Contrée volcanique, le Japon est malencontreusement prône aux séismes, mais il y a gagné des sources thermales chaudes à profusion, pour le plus grand bonheur des amateurs de relaxation. Chaque région possède ses onsen renommés, certains en usage depuis plus de mille ans, autour desquels se sont greffés au fil des âges auberges et hôtels conçus pour accueillir les groupes, familles et couples, légitimes ou non.
A peine arrivé par une belle fin d’après-midi, vous êtes accueilli avec grâce et force sourires par la maîtresse de l’auberge. Il est de bon ton de se débarrasser d’emblée de ses vêtements urbains pour enfiler un yukata, le kimono de coton décontracté que l’on ne quittera plus jusqu’au départ de l’auberge, le lendemain midi. Avant le dîner, une première escale vers le bain s’impose. Les aficionados y retourneront après le repas, et le lendemain matin au réveil. Toutes les auberges disposent d’au moins deux grands bains, un pour les hommes, l’autre pour les femmes. Ils sont souvent interchangeables en fonction du moment de la journée, afin que les deux sexes puissent jouir à tour de rôle de la vue ou des équipements propres à chaque bassin. De plus en plus de ces auberges proposent également des bains “privatifs”, que l’on peut réserver pour une heure et utiliser en famille ou en couple, sans avoir à se soucier du regard d’autrui. Avant de pénétrer dans le bain, il est indispensable de se laver. Une fois lavé et débarrassé de toute trace de savon et autre détergent corporel, voici enfin venu le moment de vérité. Nu comme au premier jour, une minuscule serviette éponge vous servant éventuellement d’ultime bouclier pour dissimuler votre pudeur aux regards des autres baigneurs, votre gros orteil est volontaire désigné pour tâter la température de l’eau. 42, 43, 45 degrés ? Rares sont les “puceaux des onsens” qui parviennent d’emblée à se glisser dans le bain, nombreux sont ceux qui promettent de militer en faveur de la sauvegarde des écrevisses. Mais puisque d’autres y mijotent déjà, cela doit donc être humainement possible. Une bonne dose de volonté, voilà la clé. Une fois accoutumé à la chaleur de l’eau, l’on se surprend à apprécier le bonheur simple de la relaxation, doublé la plupart du temps par celui de la communication avec les autres adeptes. La fraternité de la nudité n’est pas un vain mot.

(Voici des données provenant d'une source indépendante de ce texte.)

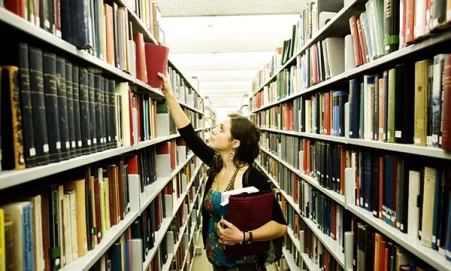 Searching-and-critiquing-research-literature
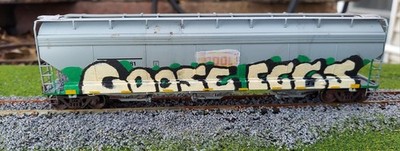 HO Scale Weathered Trenton Works Prairie Shadows FURX Pool Covered Hopper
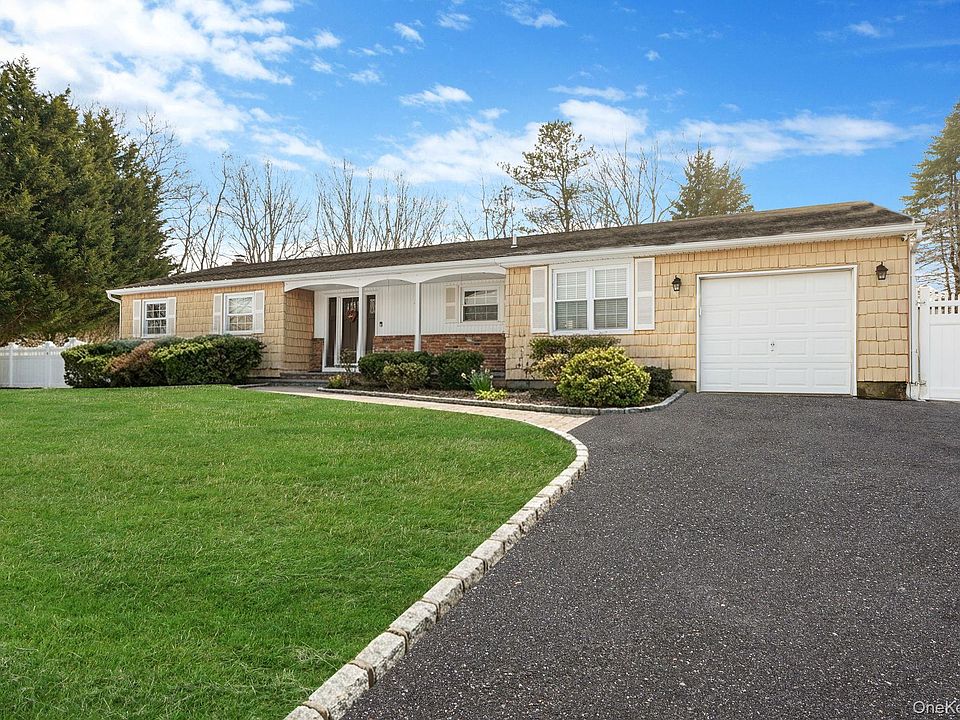 1st image of 6 Madsen Court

Les auberges bien situées proposent toutes un rotenburo (bain à ciel ouvert), qui permet de se confronter aux éléments. Qui n’a pas expérimenté une trempette hivernale, nu dans une source chaude, alors que les flocons de neige fouettent votre visage et le rafraîchissent tandis que des milliers d’autres cristaux subissent le sort cruel de fondre instantanément au contact de l’eau chaude enveloppant le reste de votre corps comme une matrice protectrice, ne peut apprécier tout le charme des onsen ? Quel sentiment de sécurité et de plénitude de se sentir ainsi préservé des éléments par la source salvatrice ! Les rotenburo sous les cerisiers au printemps, ou les érables en automne, font également partie des petits plaisirs simples et intenses de l’Archipel.